Bezos is far from being the first zillionaire to attempt to control the press (¡Hola, Señor Hearst!), and he won’t be the last. But controlling media is not an appropriate ambition for a businessman to have in a democratic society. That one of the nation’s largest papers will have to think twice before reporting on the practices of one of its largest public companies (or, presumably, about that company’s competitors, or about e-commerce in general, or about any bee that may wander into the Bezos bonnet) is absurd. (The crickets that could be heard emanating from the Post in the wake of the New York Times exposé of Amazon’s office culture are highly suggestive of such a chilling effect.)
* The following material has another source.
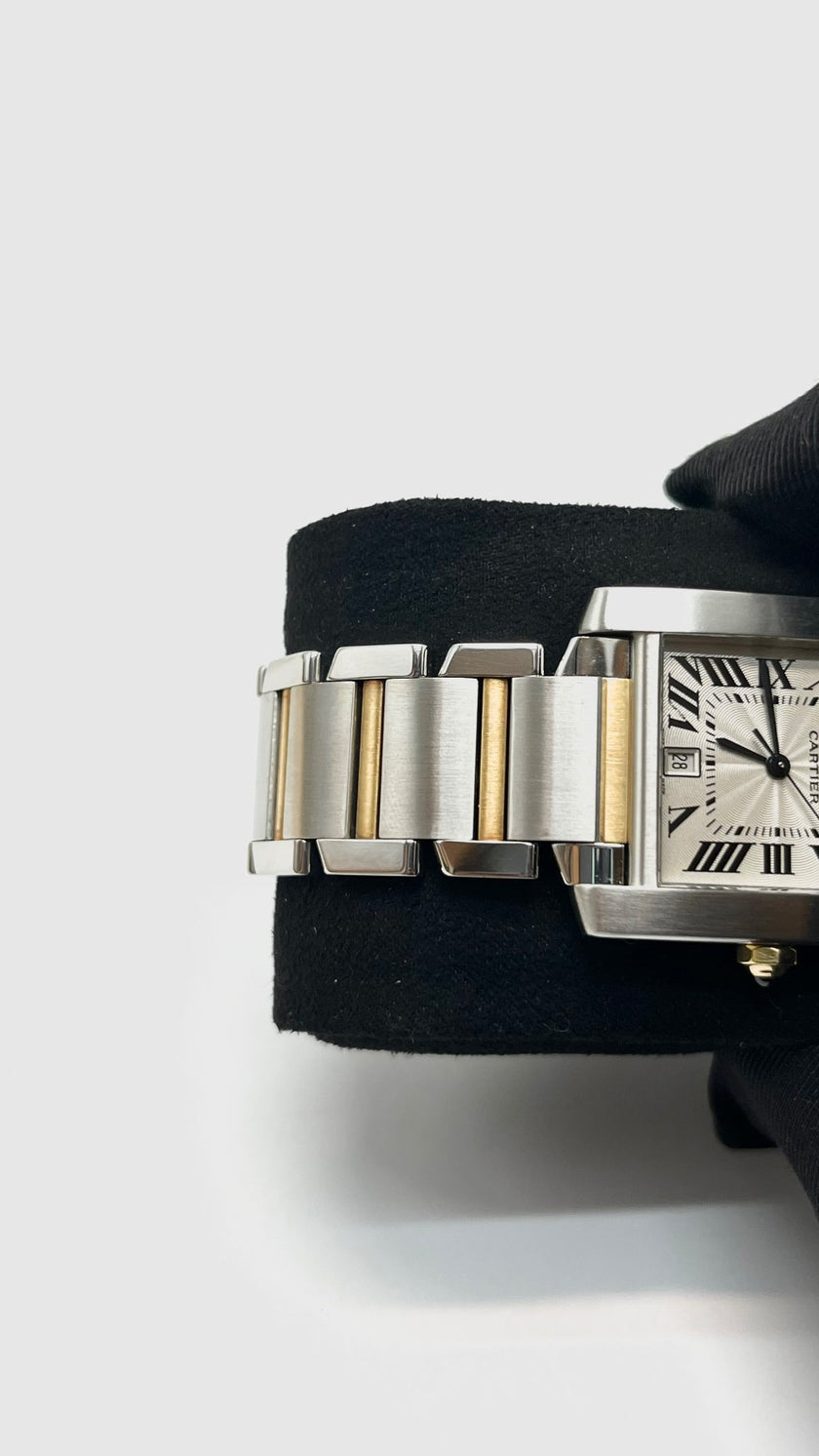 Preowned. Cartier Tank White Dial Roman YG/Steel 32mm|16356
2015 saw an increase in meddling, unprincipled rich men’s attempts to buy influence through journalism. Last week, the largest paper in Nevada, the Las Vegas Review-Journal, was acquired by an unnamed owner who was later confirmed to be the family of billionaire Sheldon Adelson — and it appears he may have been using the paper’s reporters for his own purposes even before the ink was dry. Chinese e-commerce giant Alibaba is paying roughly $266 million for the South China Morning Post, thereby controlling the world’s principal source of English-language coverage of China, once owned by that other politically-inclined media magnate, Rupert Murdoch. There is talk that the highly opinionated billionaire Eli Broad may buy the ailing Los Angeles Times.
But Facebook’s Mark Zuckerberg doesn’t have to buy a newspaper in order to control media read by hundreds of millions of people; when he and his wife welcomed a new baby daughter, Max, into their family last month, the billionaire wrote the baby a letter, complete with bullet points, pledging to give, at some point, nearly all of his $45 billion worth of Facebook stock to his own new philanthrocapitalist LLC. Last week, Zuckerberg announced his personal approval of Muslims on Facebook and his desire to “build a better world for all people.” #yay. I mean, doubtless, that is a skosh better than announcing his personal opposition to Muslims, as the current frontrunner for the Republican presidential nomination has been busy doing.
Facebook is already free to control, with zero transparency, exactly what news articles, videos, and other media appear on each and every one of the 1.55 billion individual timelines comprising its social media empire. Zuckerberg is not the leader of anything but a company, and it’s shocking that more journalists aren’t freaking out about this and other, similar power grabs under the Orwellian banner of “philanthrocapitalism.”
You know what is good for all people? Paying, as the rest of us democratically-inclined citizens are happy to do, a fair share of your personal wealth into all the people’s public coffers, where it can be spent by their fairly elected representatives on the common good, rather than keeping it locked up in untaxable stocks and mystery foundations, to be spent where you personally will decide what is good for them.
Media should never be permitted to become a mere megaphone for the exclusive use of the rich to impose their views on the rest of us. With any luck, this is the year our profession wakes up to this dangerous state of affairs and takes steps to protect the interests of a free and independent press.
Maria Bustillos is a critic and writer in Los Angeles.